With only a handful of days remaining in this year's Movember campaign, Dickson, was fast approaching $2,000, which he was able to reach by the end of the month for a total of $2,015, bringing his three-year grand total to $4,200.
"The majority of donations were from people in Tillsonburg. It makes you feel really proud and happy that these people are taking the time to go on the website (https://ca.movember.com) to make a donation, or they're dropping by my place to give me money to put towards it."

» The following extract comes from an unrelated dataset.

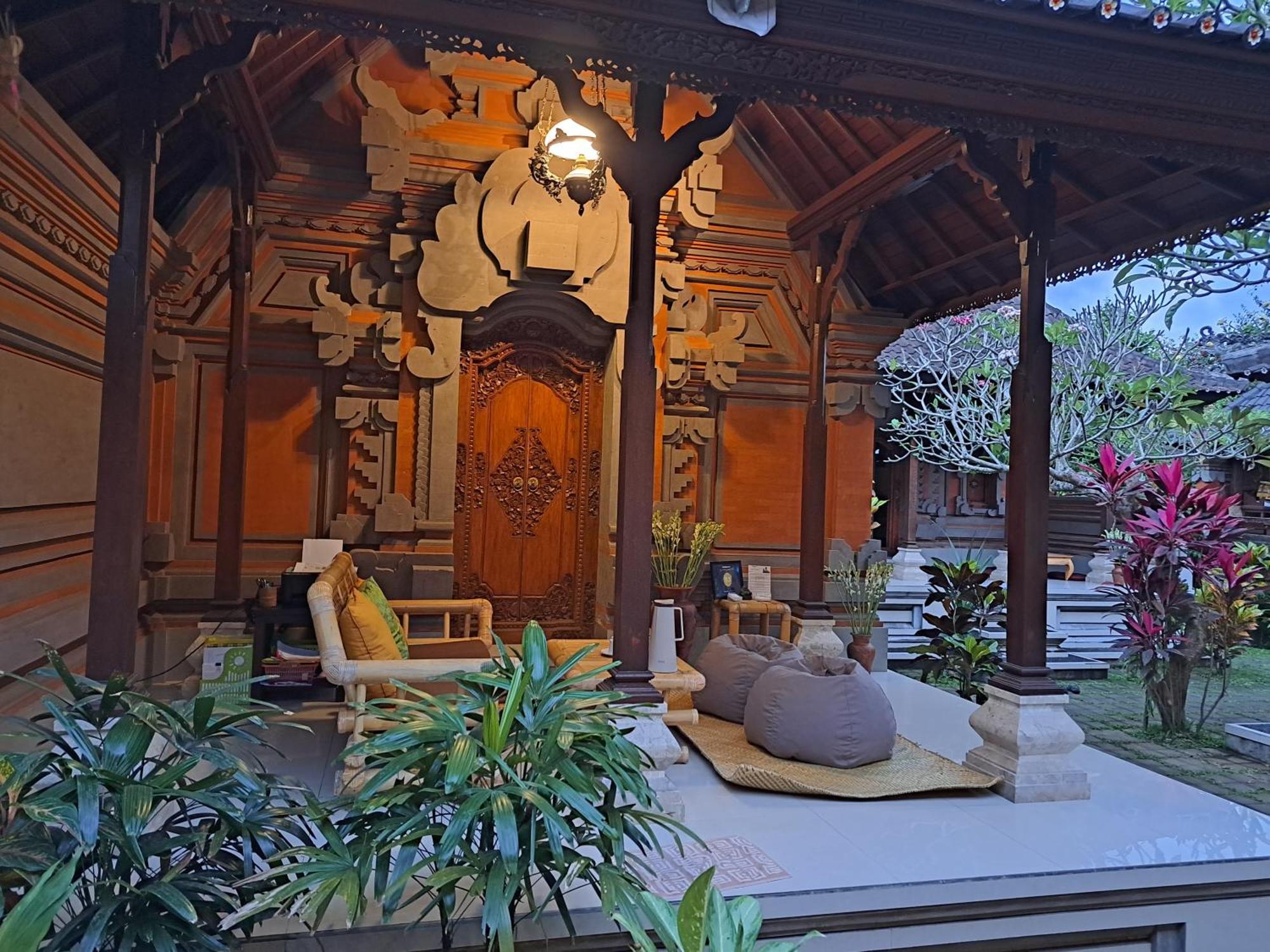 Отель Sahadewa House Убуд Экстерьер фото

As they say, however, 'all good things must come to an end.' And Saturday was Dickson's shaving day.
"I do look forward to shaving it," said Dickson on Friday, recalling some funny incidents down the home stretch.
Last Tuesday, enjoying the warmer weather, he rolled down the car window. For the first time he felt wind blowing through his mustache.
"Yeah," Dickson laughed.
"Another time just this week, now that the hair's longer, I was chatting with someone and I went to breathe in - I breathed in a hair - and I had a pretty bad coughing spell. Pretty embarrassing!"
When shaving off his mustache, Dickson said he makes sure his two young children assist him.
"I include the kids in it so that they're not scared of me, that I've changed my look. They may not recognize me. So I have a clipper to kind of buzz it shorter, and have the kids help me hold the buzzer and shave some of it off, before I clean shave it."
Dickson is one of millions, according to the Movember website, who have participated since the movement's inception in 2003. They still get participation every year from a wide variety of men - athletes and celebrities to police officers, to just average Joe's, said Dickson. All hoping to make a difference.
"We look forward to doing it every year as a group of friends here in London, and other places. We keep each other going with it. We post pictures and in the beginning we're kind of laughing at each other, then by the end there's more respect and you feel proud of what you've accomplished."